Japanese version Home Page Updated on August 1, 2001
Examine Your Image
This page introduces how to examine your image, that is, to obtain the coordinates of the image center, the field of view, etc., to list up candidates of new stars, to measure the coordinates and magnitude of all stars, and so on.
Here is the sample FITS image used in this page. Please download it.
This is the image of an asteroid 2000 NM.
Examining your image using the PIXY System 2 brings you the following profits.
Here are the steps to examine your image using the PIXY System 2.
Let's follow the steps in detail.
First of all, run the PIXY System 2 and select Image Examination in the main menu window.
Then a new virtual desktop appears.
First, open the image to examine. Select the [Operations] - [Open Image] menu and open the sample image you downloaded. You can drug the file from Explorer and drop it on the virtual desktop.
Then select the [Operations] - [Detect Stars] menu and wait for some seconds, while the PIXY System 2 is detecting stars from the image. When the process completes, a Detected Stars window appears where detected stars are plotted.
Then select the [Operations] - [Matching] menu, and a dialog appears to set up a star catalog used in examination.
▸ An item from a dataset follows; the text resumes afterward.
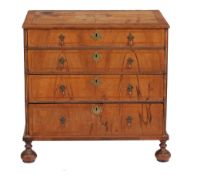 A walnut chest of drawers, first quarter 18th century and later  A walnut chest of drawers,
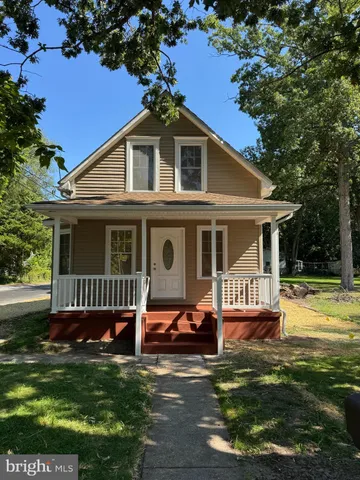 a view of a yard with swimming pool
In case of the sample image, select USNO-A1.0 or USNO-A2.0 as a star catalog, and input 18h09m40s, -06o17' for the R.A. and Decl., and 0.3 x 0.2 deg for the field of view.
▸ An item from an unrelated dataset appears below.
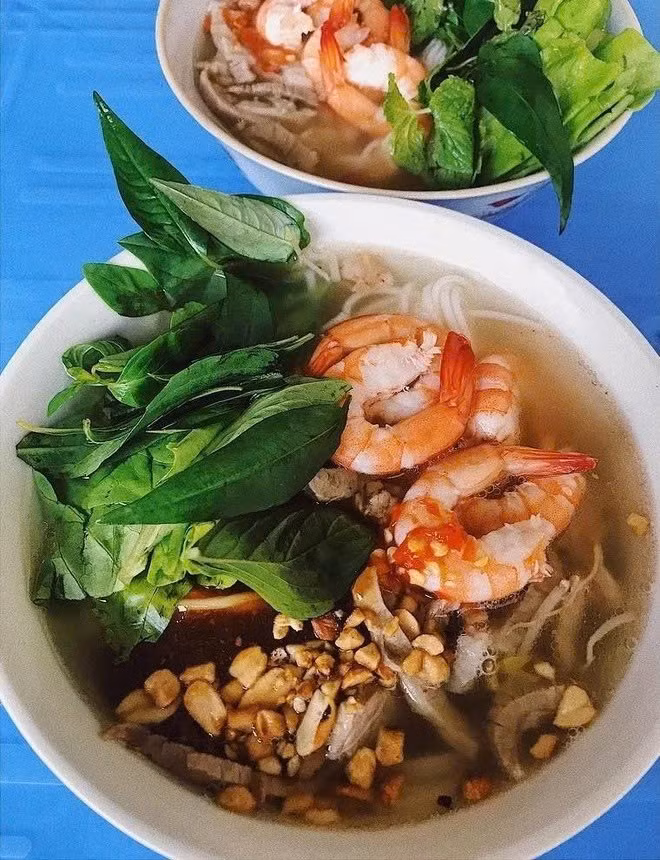Thịt và tôm sau khi luộc sẽ được xếp lên trên bún tươi đã trụng nóng, thêm rau sống như giá, húng quế, xà lách, rồi chan nước dùng nóng lên. Hành phi vàng ruộm, vài lát ớt đỏ, chút mắm nguyên chất đi kèm sẽ làm dậy mùi và hoàn thiện món ăn. Ảnh MIA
Now wait for some seconds, while the PIXY System 2 is reading data from the star catalog and matching them with the detected stars. When the process completes, a USNO-A2.0 window appears where the data read from the star catalog are plotted. By the way, only a few stars are plotted on the USNO-A2.0 window at this time.
Then select the [Operations] - [Make Pairs] menu and wait for some seconds, while the PIXY System 2 is measuring coordinates and magnitude of all stars, listing up stars not recorded in the star catalog, and working on some more tasks. When the process completes, stars plotted on the Detected Stars and the USNO-A2.0 windows are painted green and red. Now proper number of stars are plotted on both windows.
A red star represents a detected star not recorded in the star catalog, or a catalog data not detected from the image. In case of the sample image, there are three bright stars not recorded in the star catalog, two are below of the image center and one is above of the image center.
Click these three stars by mouse and a message box appears and shows the following data.
Those kinds of stars are probably a comet, an asteroid, a variable star, or maybe a new object.
In order to look up comets, asteroids, variable stars, clusters and nebulae in the image field, operate the identification. Here let's look up comets and asteroids using the Minor Planet Checker.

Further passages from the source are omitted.